Lipopolysaccharide induces CYP2E1 in astrocytes through MAP kinase kinase-3 and C/EBPbeta and -delta.

Cytochrome P450 2E1 (CYP2E1) is highly inducible in a subset of astrocytes in vivo following ischemic or mechanical injury and in vitro by lipopolysaccharide (LPS) or interleukin-1beta. We have studied the mechanism of induction, and found that transcriptional activation of CYP2E1 occurred within 3 h, and CYP2E1 dependent catalytic activity was induced more than 4-fold within 5 h. The induction was sensitive to several tyrosine kinase inhibitors, and was further modulated by inhibitors of p38 MAP kinase. MAP kinase kinase-3 (MKK3) was phosphorylated in response to LPS, and expression of constitutively active MKK3, but not the MAP kinase kinases MEKK1 or MKK1, activated CYP2E1. Transcriptional activation was mediated through a C/EBPbeta and -delta binding element situated at -486/-474, and appeared to involve activation of prebound factors as well as recruitment of newly synthesized C/EBPbeta and -delta. It is thus suggested that LPS induces MKK3 activation in astrocytes, which in turn stimulates a C/EBPbeta and -delta binding element to mediate transcriptional activation of CYP2E1.

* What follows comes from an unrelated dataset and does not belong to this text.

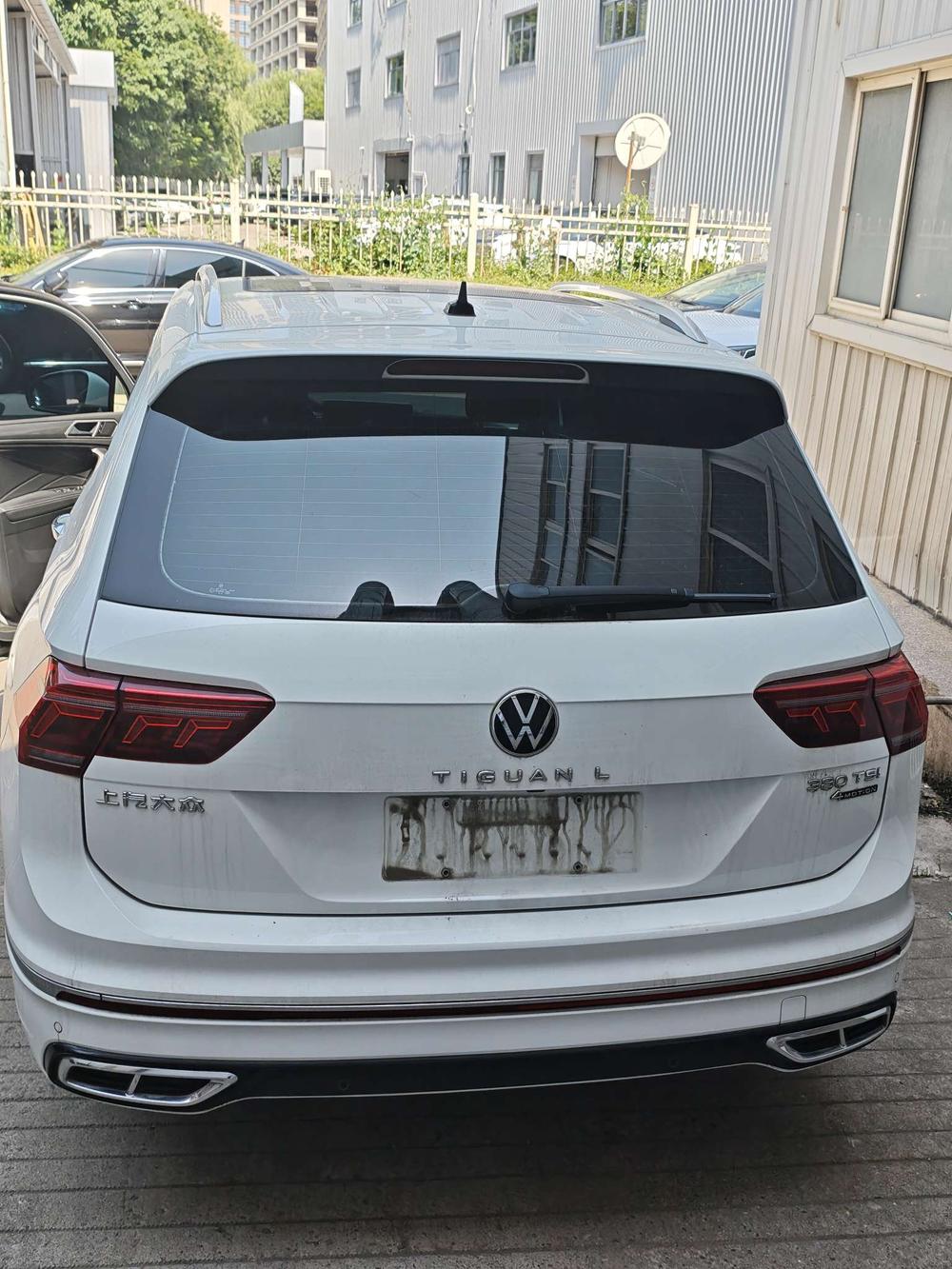 Volkswagen Tiguan L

Phorbol ester induces CYP2E1 in astrocytes, through a protein kinase C- and tyrosine kinase-dependent mechanism.

Cytochrome P450 2E1 (CYP2E1) is highly inducible in a subset of astrocytes in vivo following ischemic or mechanical injury and in vitro by lipopolysaccharide or interleukin-1beta. In the present study, phorbol-12,13-dibutyrate (PDBu) was found to induce catalytically active CYP2E1 more than fourfold in cortical glial cultures. Little induction was seen up to 12 h, and full effects only at 21-24 h of PDBu treatment. CYP2E1 expression in PDBu-treated cells was enriched in a subset of astrocytes. The protein kinase C inhibitors, staurosporine and calphostin C, and the tyrosine kinase inhibitor genistein, but not its inactive analogue daidzein, prevented the induction of CYP2E1 by PDBu. It is suggested that CYP2E1, together with interleukin-6 and ciliary neurotrophic factor, is part of a response of astrocytes to cellular stress elicited by, e.g. cerebral injury, cytokines or phorbol ester, and mediated in part through protein kinase C.

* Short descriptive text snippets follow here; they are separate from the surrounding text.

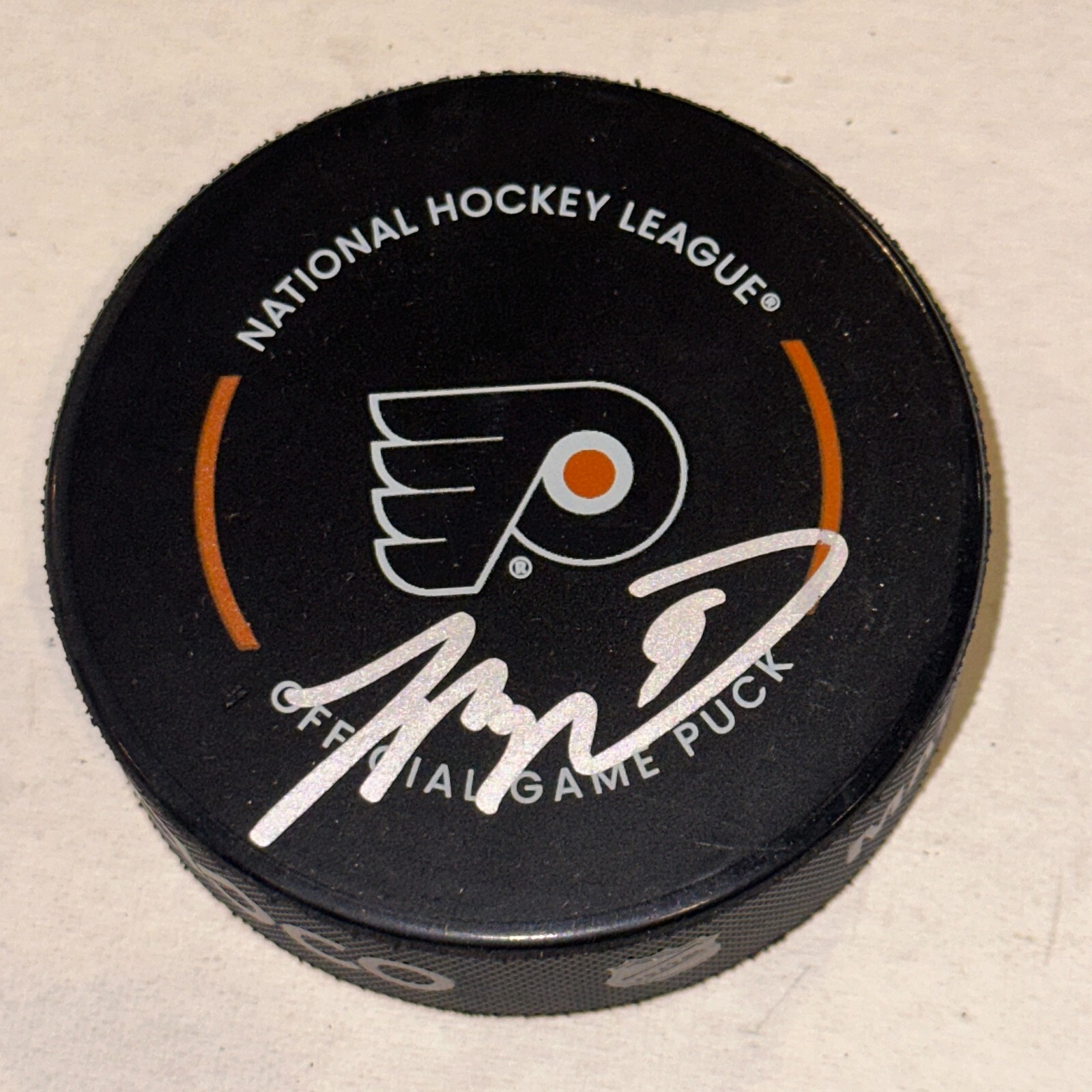 JAMIE DRYSDALE Signed Philadelphia FLYERS Official GAME Puck Beckett (BAS)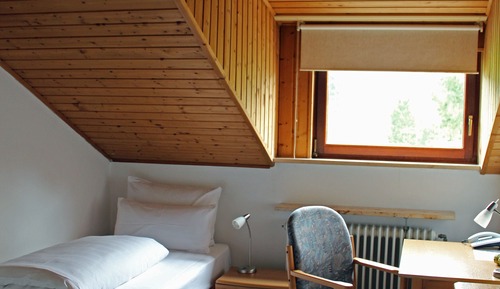 Standard Single Room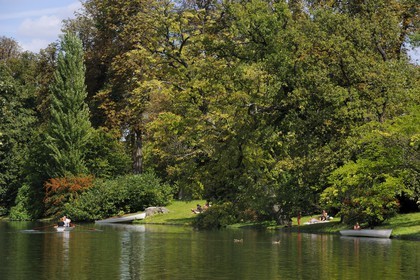 France, Paris (75), le Bois de Boulogne, promenade en barque autours des iles du Lac Inférieur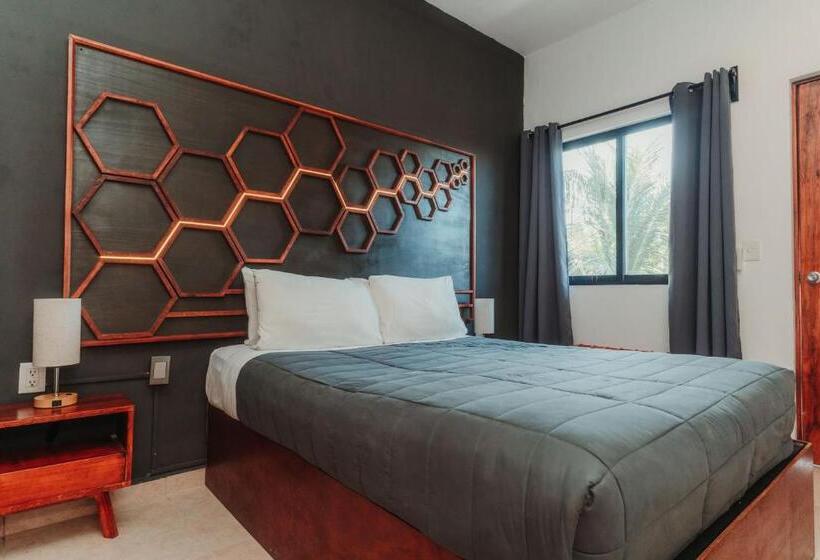 Camera Deluxe, Che Holbox Hostel & Bar Adults Only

The neuroprotective agents chlomethiazole and SB203580 inhibit IL-1beta signalling but not its biosynthesis in rat cortical glial cells.

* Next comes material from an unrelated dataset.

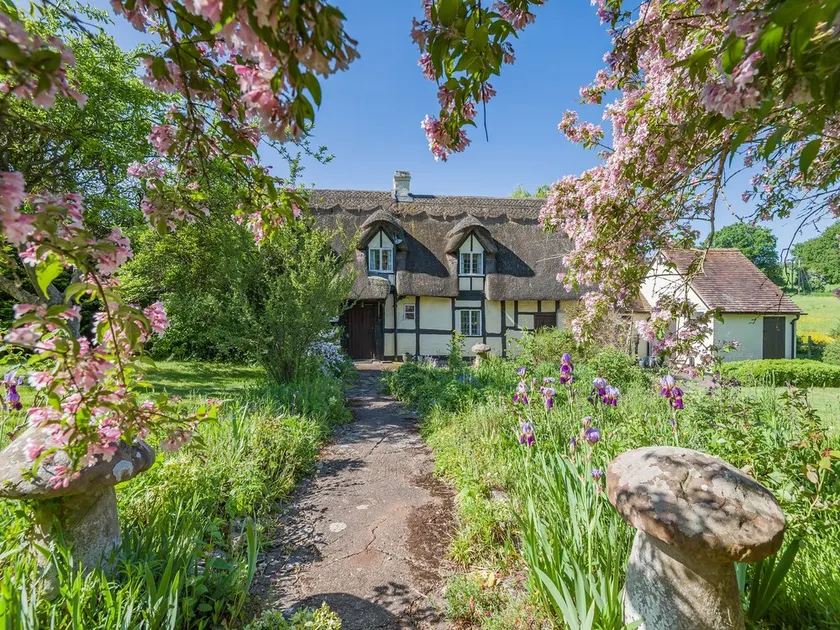 3 bedroom accommodation in Callow End, Worcester - Image 1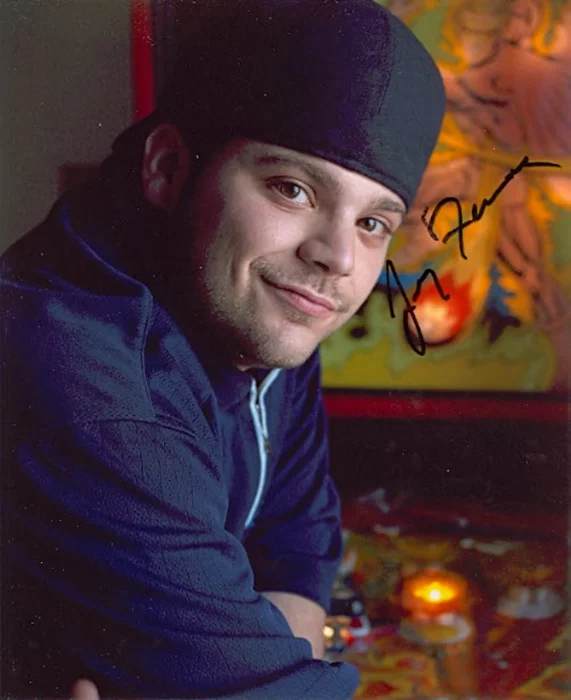 Jerry Ferrara autograph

Chlomethiazole and pyridinyl imidazole compounds, exemplified by SB203580, are structurally distinct p38 mitogen-activated protein kinase inhibitors with neuroprotective properties in models of cerebral ischaemia. We have examined their effects in interleukin-1beta (IL-1beta) synthesis, release and signalling in rat cortical glial cells, given the important role of IL-1beta in cerebral ischaemia. We analysed (i) IL-1beta mRNA expression by northern blot, (ii) IL-1beta protein precursor levels within the cells by western blot, and (iii) the levels of the mature IL-1beta protein secreted into the medium by enzyme-linked immunosorbent assay (ELISA) after treatment of rat cortical glial cells with lipopolysaccharide. While the induction of IL-1beta expression by lipopolysaccharide or by IL-1beta itself was very sensitive to nuclear factor kappa B (NF-kappaB) inhibitors, chlomethiazole or SB203580 were nearly without effect, indicating a differential regulation as compared to peripheral cells, e.g. monocytes. In contrast, chlomethiazole and SB203580 potently inhibited the IL-1beta-induced expression of c-fos and inducible nitric oxide synthase, as monitored by northern blot and quantitative RT-PCR, respectively. Because IL-1beta-induced expression of c-fos and inducible nitric oxide synthase is believed to directly contribute to the pathology of cerebral ischaemic injury, the results suggest a direct mechanism for the neuroprotective effects of chlomethiazole and SB203580, and further establish the anti-inflammatory properties of chlomethiazole.